─── Data to use

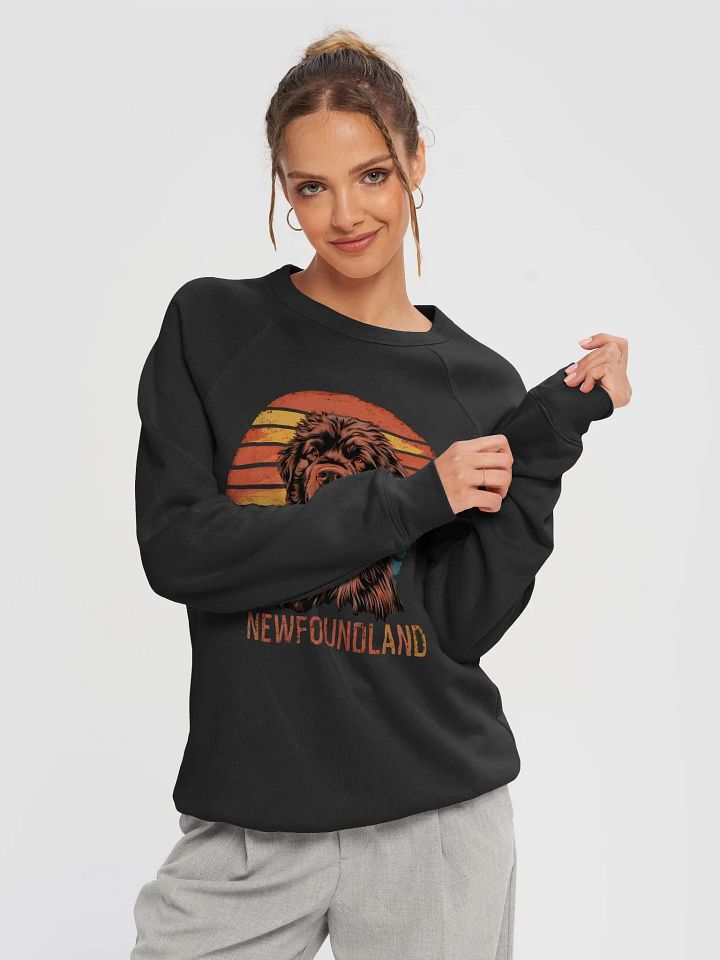 Vintage Newfoundland Dog Sweatshirt for Pet Lovers - Cozy and Soft product image (2)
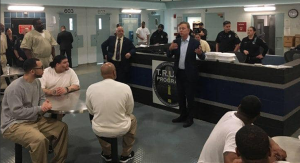 CT Gov. speaks with people inside a correctional facility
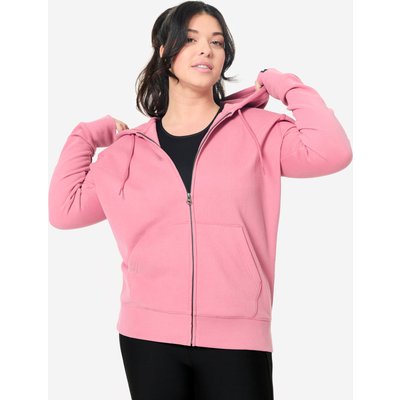 Kapuzenjacke Damen Sweatshirtstoff - altrosa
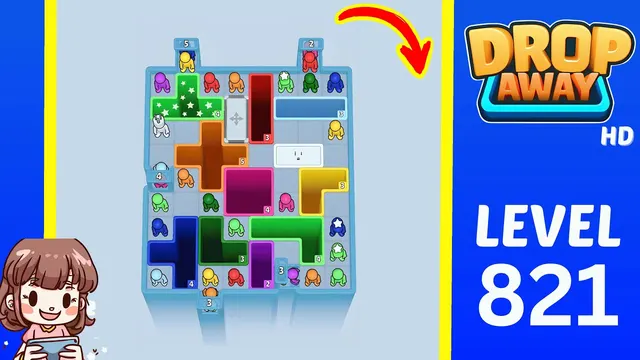 Drop Away Level 821 - Walkthrough and solution guide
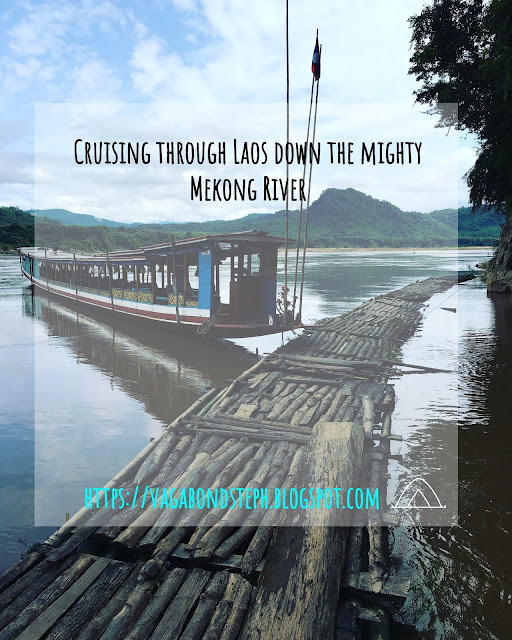 Boat docked on the Mekong River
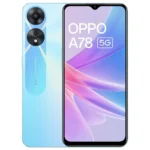 Front view of OPPO A78 showing the 90Hz FHD+ AMOLED punch-hole display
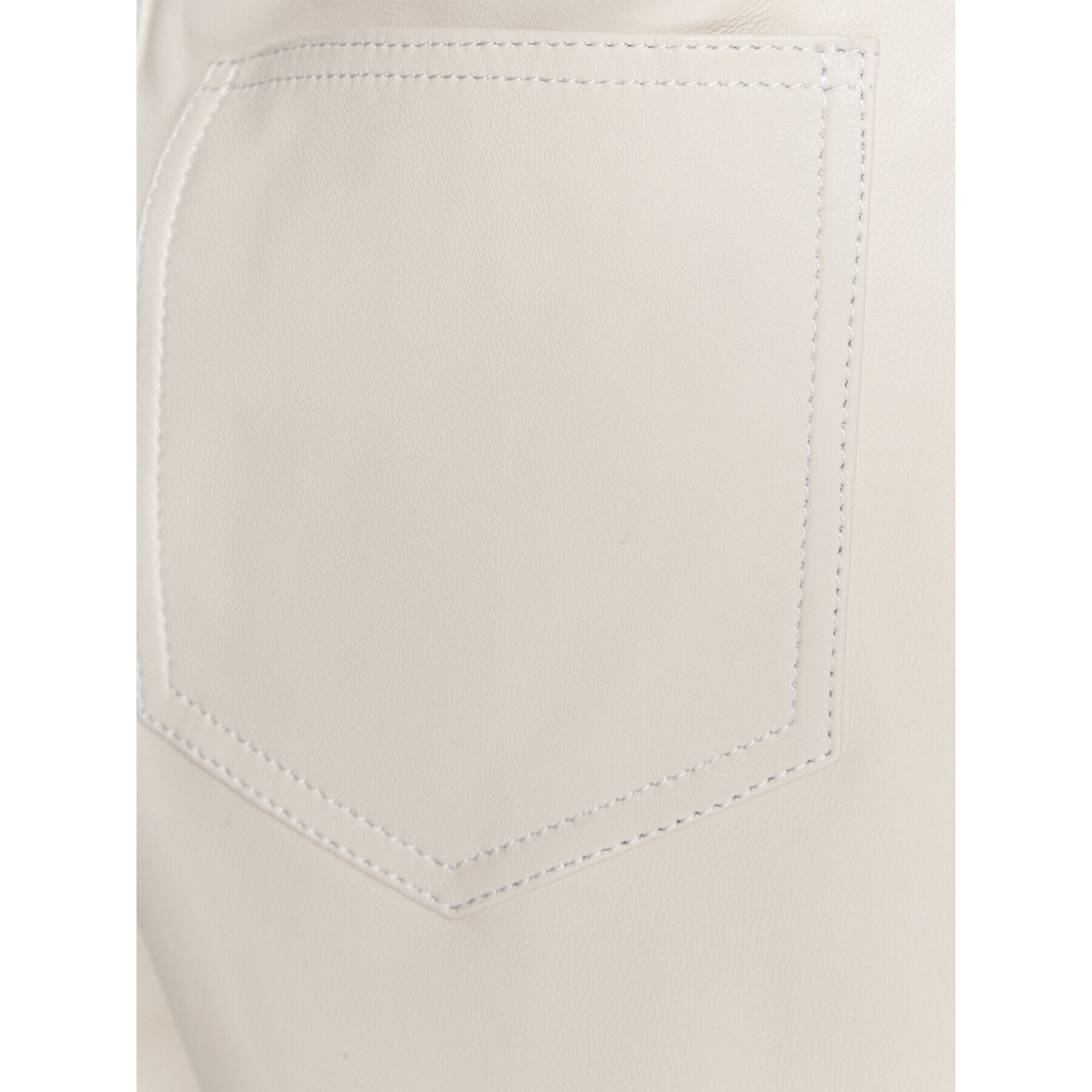 Custommade Кожени шорти Nava 999418711 Екрю Regular Fit - Pepit.bg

──────

▶ _Task description_: In the copy, omit the pictures and reproduce every entry exactly.

▶ _Solution_:
 Vintage Newfoundland Dog Sweatshirt for Pet Lovers - Cozy and Soft product image (2)
 CT Gov. speaks with people inside a correctional facility
 Kapuzenjacke Damen Sweatshirtstoff - altrosa
 Drop Away Level 821 - Walkthrough and solution guide
 Boat docked on the Mekong River
 Front view of OPPO A78 showing the 90Hz FHD+ AMOLED punch-hole display
 Custommade Кожени шорти Nava 999418711 Екрю Regular Fit - Pepit.bg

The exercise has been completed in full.